All that is needed is the line containing "Men's Black Patterned Tie - 2" and the lines after it to the end of the material, written out exactly, pictures left aside.

[[ Record extracts, beginning ]]

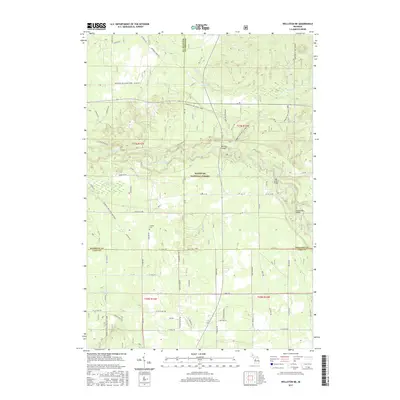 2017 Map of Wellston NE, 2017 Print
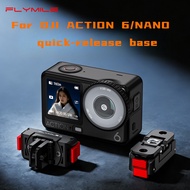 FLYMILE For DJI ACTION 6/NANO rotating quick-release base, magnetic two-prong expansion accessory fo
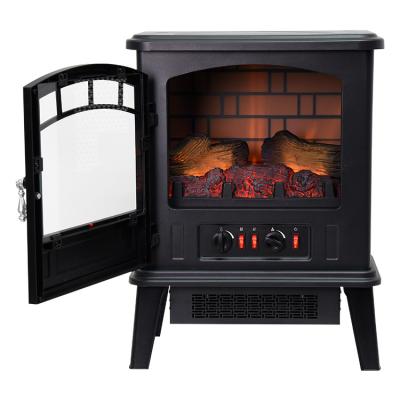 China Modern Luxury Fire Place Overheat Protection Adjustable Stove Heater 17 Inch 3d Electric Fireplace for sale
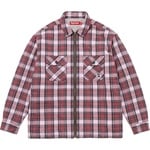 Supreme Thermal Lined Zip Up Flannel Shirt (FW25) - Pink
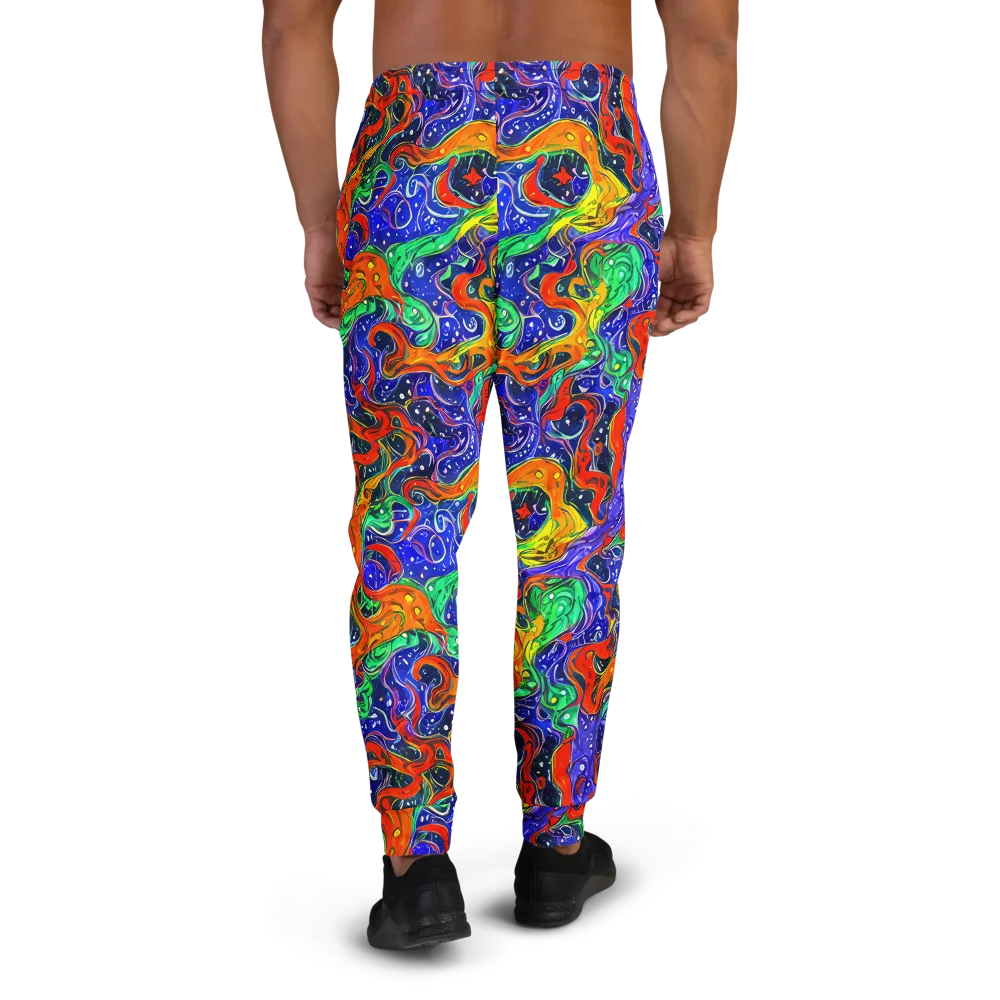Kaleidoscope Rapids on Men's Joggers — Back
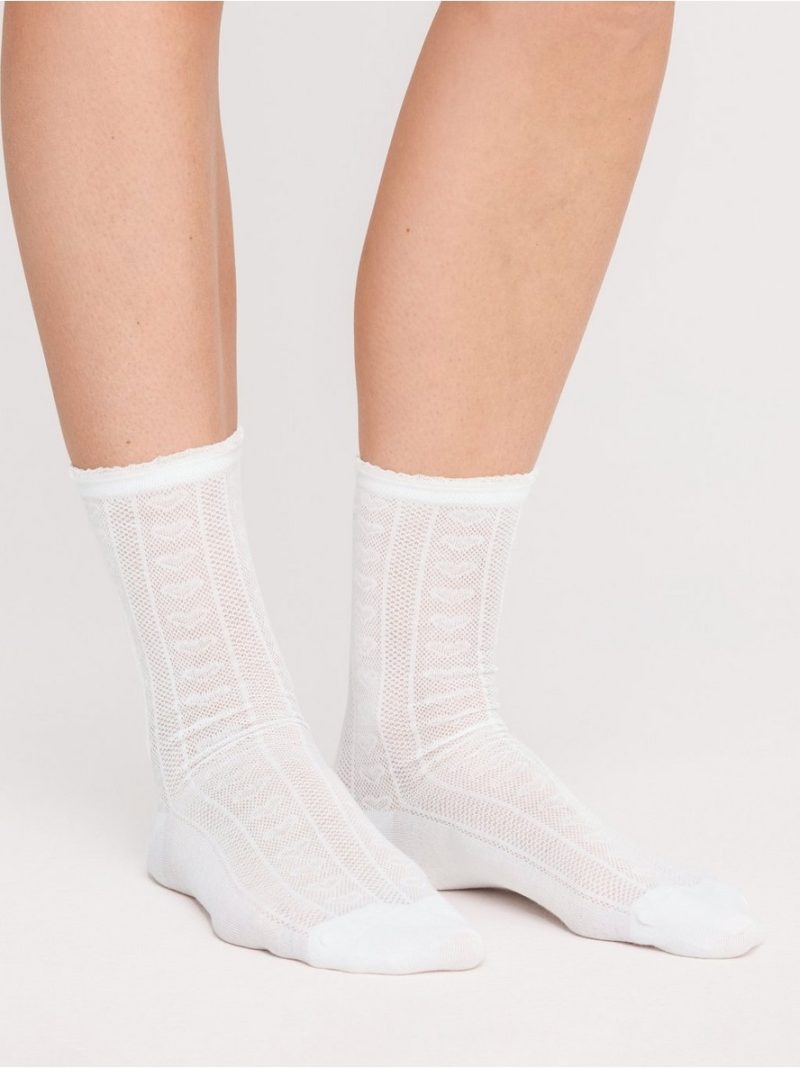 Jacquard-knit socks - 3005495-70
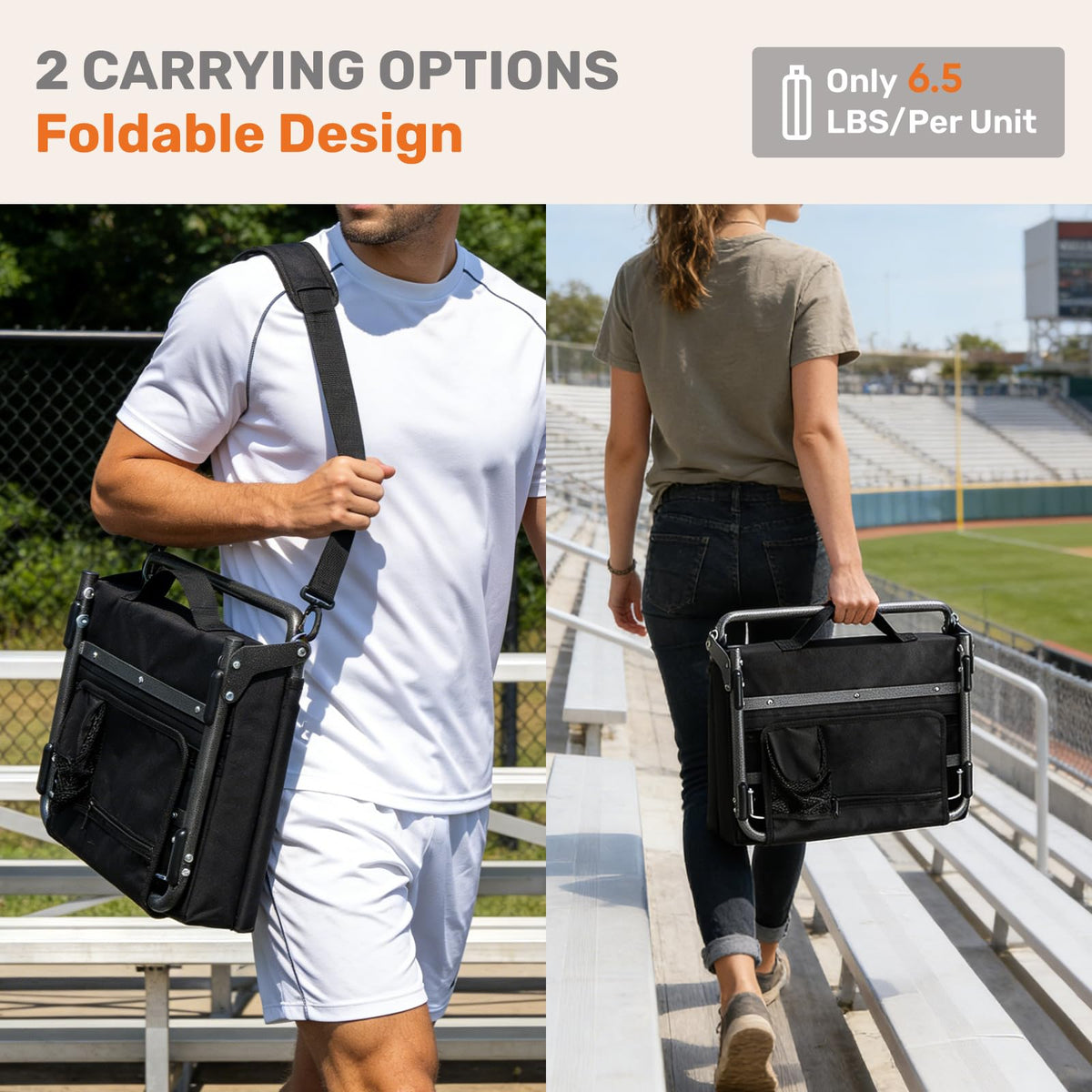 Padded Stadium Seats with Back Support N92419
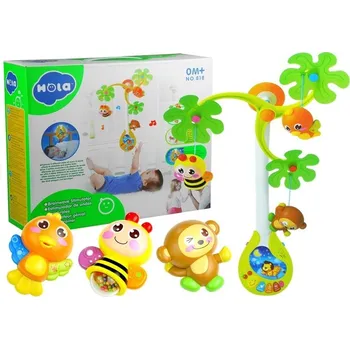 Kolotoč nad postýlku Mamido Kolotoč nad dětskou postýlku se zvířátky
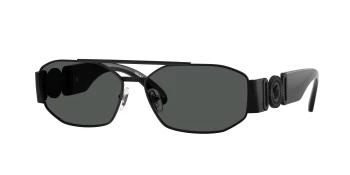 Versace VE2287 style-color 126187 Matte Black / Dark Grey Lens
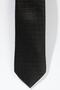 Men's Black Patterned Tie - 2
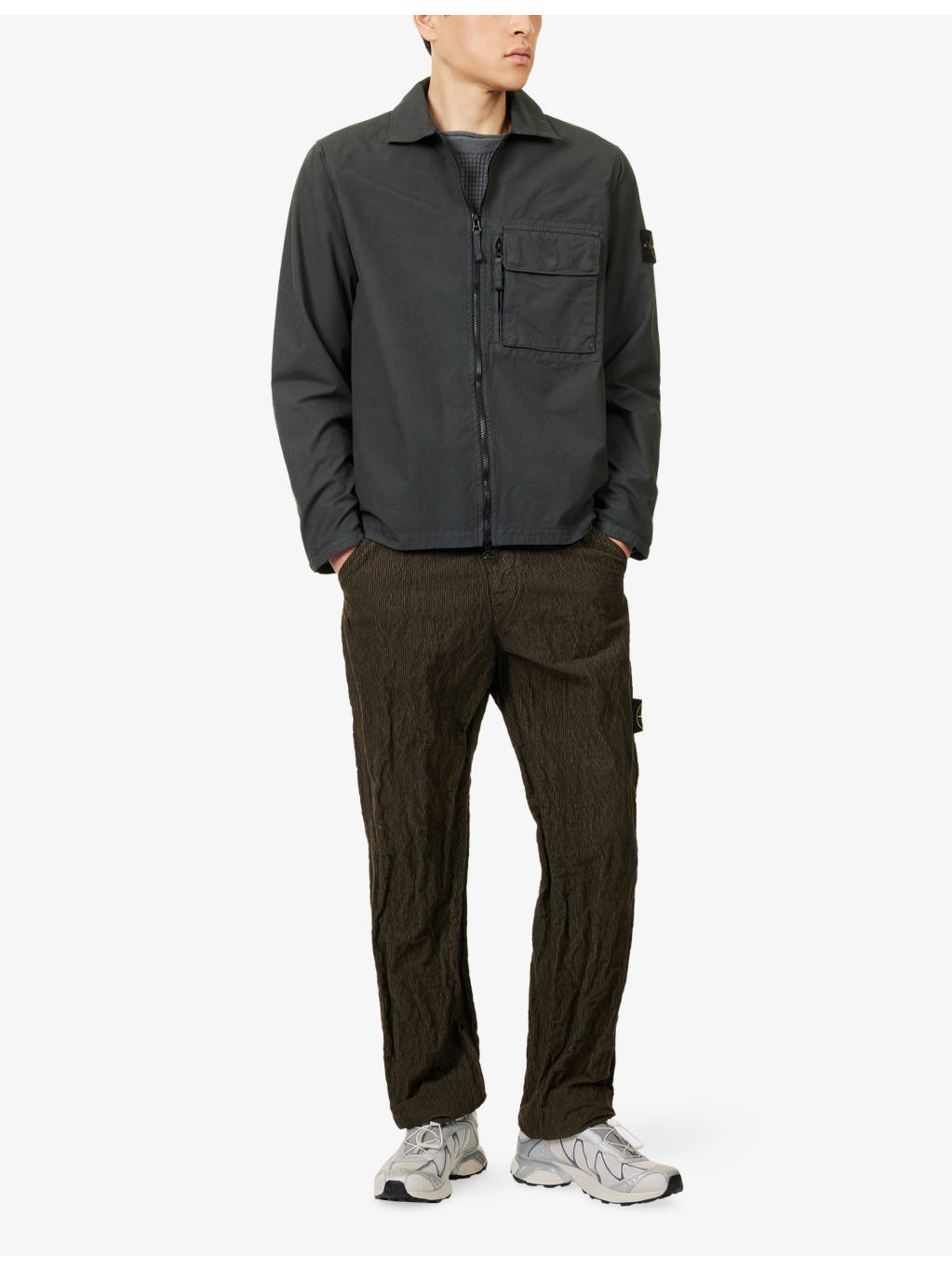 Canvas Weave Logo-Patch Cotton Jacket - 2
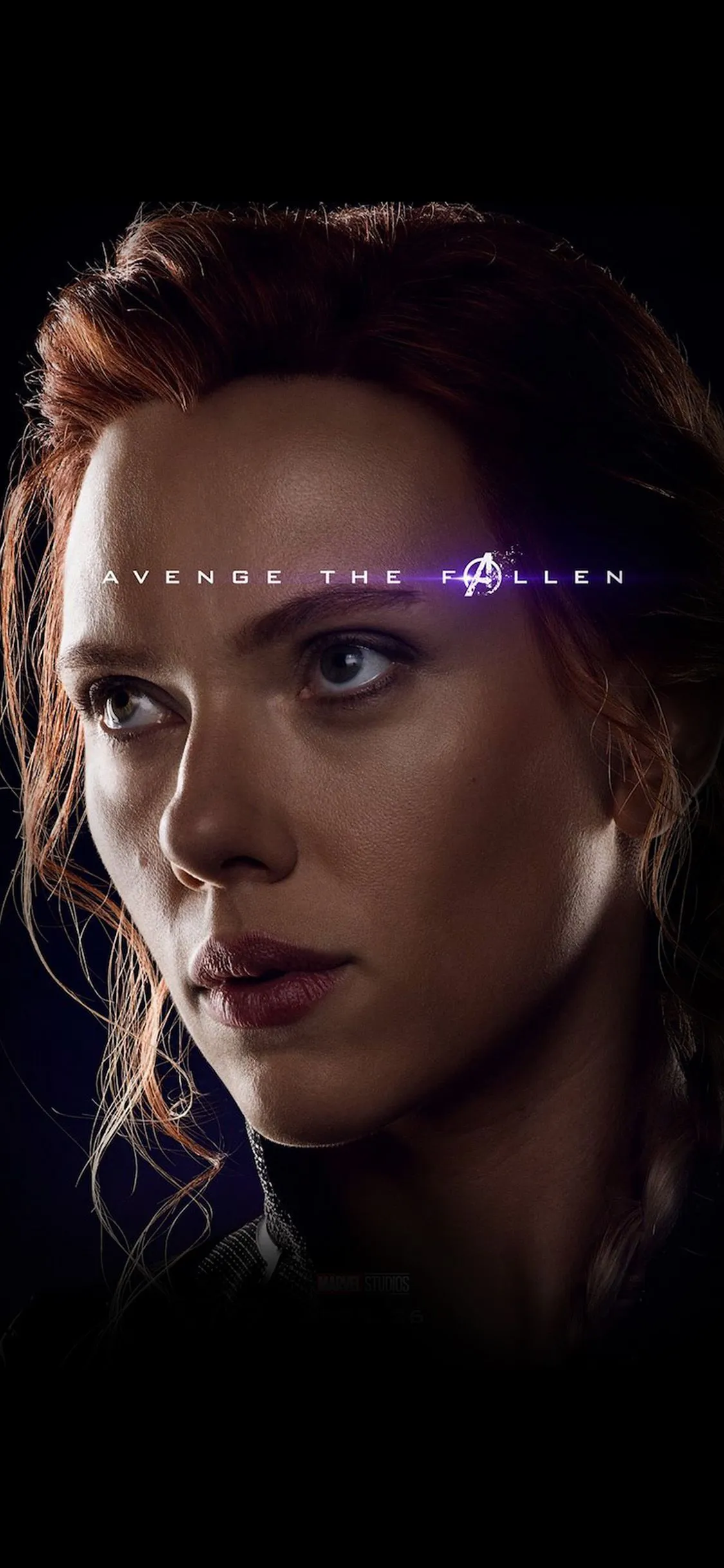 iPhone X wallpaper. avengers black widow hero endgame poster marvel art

[[ Record extracts, end ]]

* [Reply]:
 Men's Black Patterned Tie - 2
 Canvas Weave Logo-Patch Cotton Jacket - 2
 iPhone X wallpaper. avengers black widow hero endgame poster marvel art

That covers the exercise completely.